No, this is not about Game of Thrones (can’t wait for the next season!). This article takes a look at how your camera sees things and how you sometimes don’t agree on what should look how.
Here is the issue.. you took a photo of your family somewhere indoors and you notice (upon close inspection of that funny facial expression your sister made) that the whole image looks somewhat yellow. You notice that because that shirt uncle bob is wearing is actually white but on the photo it looks yellow. Bad camera! Bad camera! (Well.. unless you want it yellow.. but you are the creative mind here, not that robot in your hands!)
So the people who built the first digital camera went through this issue and came up with clever ways to train your camera to see as your eyes see things. You know.. that’s necessary because your beautiful image capturing device is actually an inhuman robot-thing and for a camera only bland physics exists. If you walk into a room that is lit by sligthly blue light for instance, your brain will compensate for that and you will not notice it. The camera does not care. It sees blue and it shows you blue. They are brutally honest that way. To correct for that and bring the f
orce color back into balance you therefore have to introduce white balance. Some mathematical witchery by which you say: „remove so and so much blue from all colors in a photo..“ or „add so much red“ etc.
What you end up with now is an image that actually looks like it should – how your eyes see it. You have amazing eyes by the way! I just noticed.. Unless you have no eyes.. but then you probably would not read photography blogs.. hmm.. I any case.. where were we? Ah yes, here is how you can fix it:
In Adobe Lightroom:
If you are feeling lazy, you can try to let another machine correct the error your camera made (basically the Robowars equivalent of photography!).

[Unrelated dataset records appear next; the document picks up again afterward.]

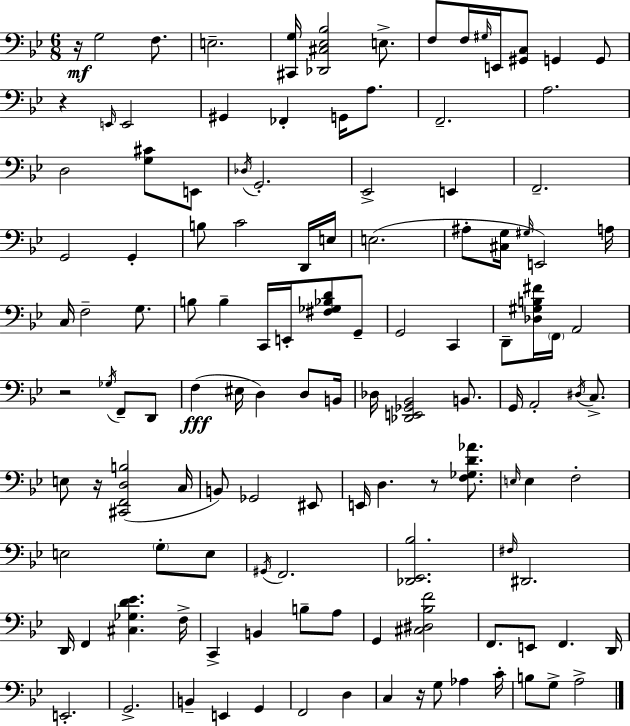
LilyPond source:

{
  \clef bass
  \numericTimeSignature
  \time 6/8
  \key bes \major
  r16\mf g2 f8. | e2.-- | <cis, g>16 <des, cis ees bes>2 e8.-> | f8 f16 \grace { gis16 } e,16 <gis, c>8 g,4 g,8 | \break r4 \grace { e,16 } e,2 | gis,4 fes,4-. g,16 a8. | f,2.-- | a2. | \break d2 <g cis'>8 | e,8 \acciaccatura { des16 } g,2.-. | ees,2-> e,4 | f,2.-- | \break g,2 g,4-. | b8 c'2 | d,16 e16 e2.( | ais8-. <cis g>16 \grace { gis16 } e,2) | \break a16 c16 f2-- | g8. b8 b4-- c,16 e,16-. | <fis ges bes d'>8 g,8-- g,2 | c,4 d,8-- <des gis b fis'>16 \parenthesize f,16 a,2 | \break r2 | \acciaccatura { ges16 } f,8-- d,8 f4(\fff eis16 d4) | d8 b,16 des16 <des, e, ges, bes,>2 | b,8. g,16 a,2-. | \break \acciaccatura { dis16 } c8.-> e8 r16 <cis, f, d b>2( | c16 b,8) ges,2 | eis,8 e,16 d4. | r8 <f ges d' aes'>8. \grace { e16 } e4 f2-. | \break e2 | \parenthesize g8-. e8 \acciaccatura { gis,16 } f,2. | <des, ees, bes>2. | \grace { fis16 } dis,2. | \break d,16 f,4 | <cis ges d' ees'>4. f16-> c,4-> | b,4 b8-- a8 g,4 | <cis dis bes f'>2 f,8. | \break e,8 f,4. d,16 e,2.-. | g,2.-> | b,4-- | e,4 g,4 f,2 | \break d4 c4 | r16 g8 aes4 c'16-. b8 g8-> | a2-> \bar "|."
}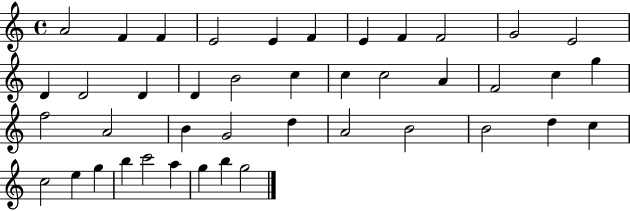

Click on Develop, then in the white balance field on the Option: Auto. Now Lightroom will try to guess where your camera messed up and correct things for you.
.. or lightroom fails you just the same. Maybe it and your camera went to the same white-balance school and agree that your image should look yellowish despite of what you think. Now we need to get busy ourselves and teach these stubborn automatons how to do it right.
In that case you click on Custom instead, then click on the colorpicker right next to the sliders and pick a spot in your image that you KNOW should be neutral (ie have no color). That could be a white surface, a gray surface or a black surface anywhere in the image. Click there and Lightroom will do the rest.
For portraits you can also use the white of the eyes in worst case scenarios.. well, as long as your subject does not have jaundice or really red eyes. Gray eyes would be fine.. but then who has gray eyes?
In Adobe Photoshop:
So in case you don’t have Lightroom, here is how to do it in Photoshop instead.
Click to add a new Adjustment Layer (Curves) and select the „Mids“ color picker from the Curves Adjustment Layer.
Pick a color that is neutral (white, black or gray). You will have to try a couple of spots until it looks right.
Photoshop will try to adjust the curves automatically so the picked spot is neutral/has no color. This way of adjustment needs a bit more tweaking than doing it with the camera files in Lightroom.
The disadvantage of this method is that the colors will need a little more adjustment afterwards, so if you can, do it in lightroom.
This concludes our blogpost for this week. High five, and have fun white-balancing things!